The role of cytotoxic skin-homing CD8+ lymphocytes in cutaneous cytotoxic T-cell lymphoma and pityriasis lichenoides.

BACKGROUND: Pityriasis lichenoides (PL) is a rare cutaneous lymphoproliferative disorder of unknown origin. Malignant transitions of PL have been described, but are very rare. We recently observed the fatal course of a 26-year-old patient who presented with a clinical picture resembling PL but had cytotoxic CD8+ T-cell lymphoma of the skin (CxCTL). This case prompted us to reinvestigate the role of cytotoxic T lymphocytes in PL and its relationship to antiviral immunity. METHODS: Skin biopsy specimens of 11 patients with PL and two biopsy specimens of CxCTL were included. In all, 5 biopsy specimens taken from healthy skin and 5 samples of varicella-zoster virus (VZV) skin lesions were analyzed for control purposes. The inflammatory infiltrate was characterized by immunohistochemistry using monoclonal antibodies against CD3, CD4, CD8, CD20, cutaneous lymphocyte-associated antigen (CLA), CCR4, CXCR3, Granzyme B, Tia-1, and MxA. Flow cytometry was used to analyze the expression of chemokine receptors on peripheral blood mononuclear cells in CxCTL. RESULTS: The CxCTL skin lesions were dominated by a dense infiltration of CD8+ cytotoxic lymphocytes with a skin-homing CLA+ CCR4+ phenotype. PL and VZV skin lesions were also characterized by a predominantly CD8+ T cellular infiltrate with strong expression of the cytotoxic molecules Granzyme B and Tia-1 and the skin-homing molecules CLA and CCR4. Coexpression analyses confirmed that skin CLA+ CD8+ cytotoxic T cells are present in CxCTL, VZV, and PL skin lesions.
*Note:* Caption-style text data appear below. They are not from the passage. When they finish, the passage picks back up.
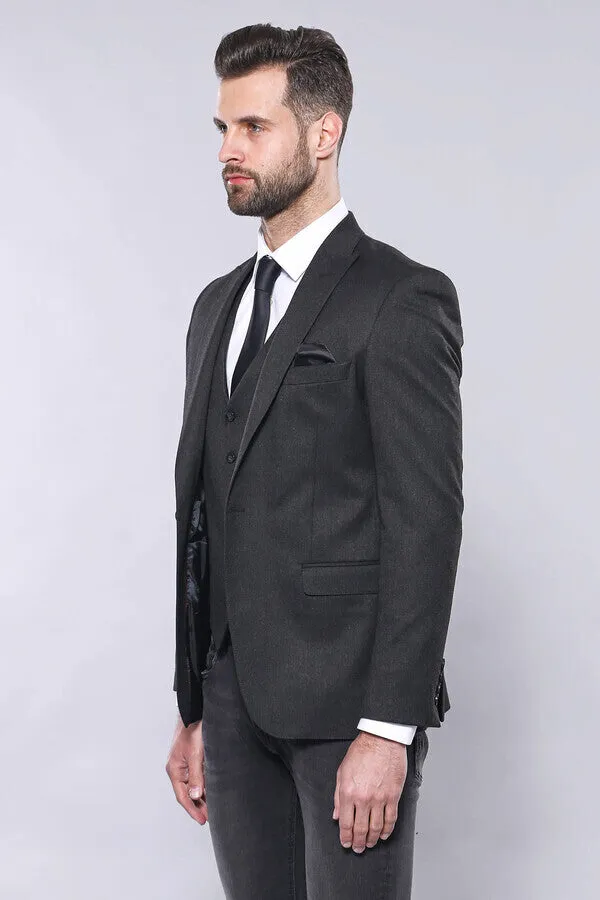 Smoked Plain Blazer Vest Set | Wessi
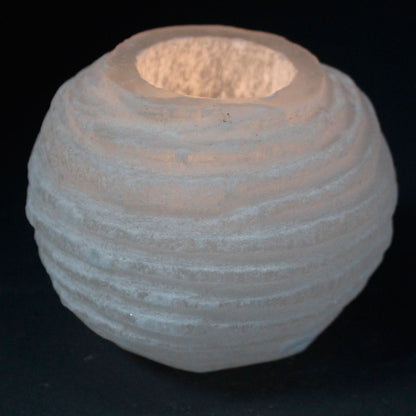 Selenite Snowball Candle Holder - 8 cm - Vivid Aromas UK
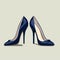 Dark Navy Vector Illustration Of Blue High Heels Shoes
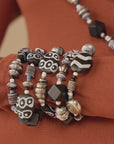 Caliope 6pc Stretch Bracelet Stack - Tribal B/W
Strong lesional production of the antiviral protein MxA, which is specifically induced by type I interferons, could be found in all investigated disorders. The study was based on histologic, immunohistologic, and flow cytometric analyses in a limited number of patients, because of the rareness of the investigated diseases. CONCLUSION: Our results revealed a striking similarity between the immunohistologic picture of malignant CxCTL, benign PL, and VZV skin lesions. Strong expression of the antiviral protein MxA in all disorders supports the view that a common antiviral immune response pattern leads to aberrant skin recruitment of CLA+ CCR4+ cytotoxic T lymphocytes in PL and CxCTL.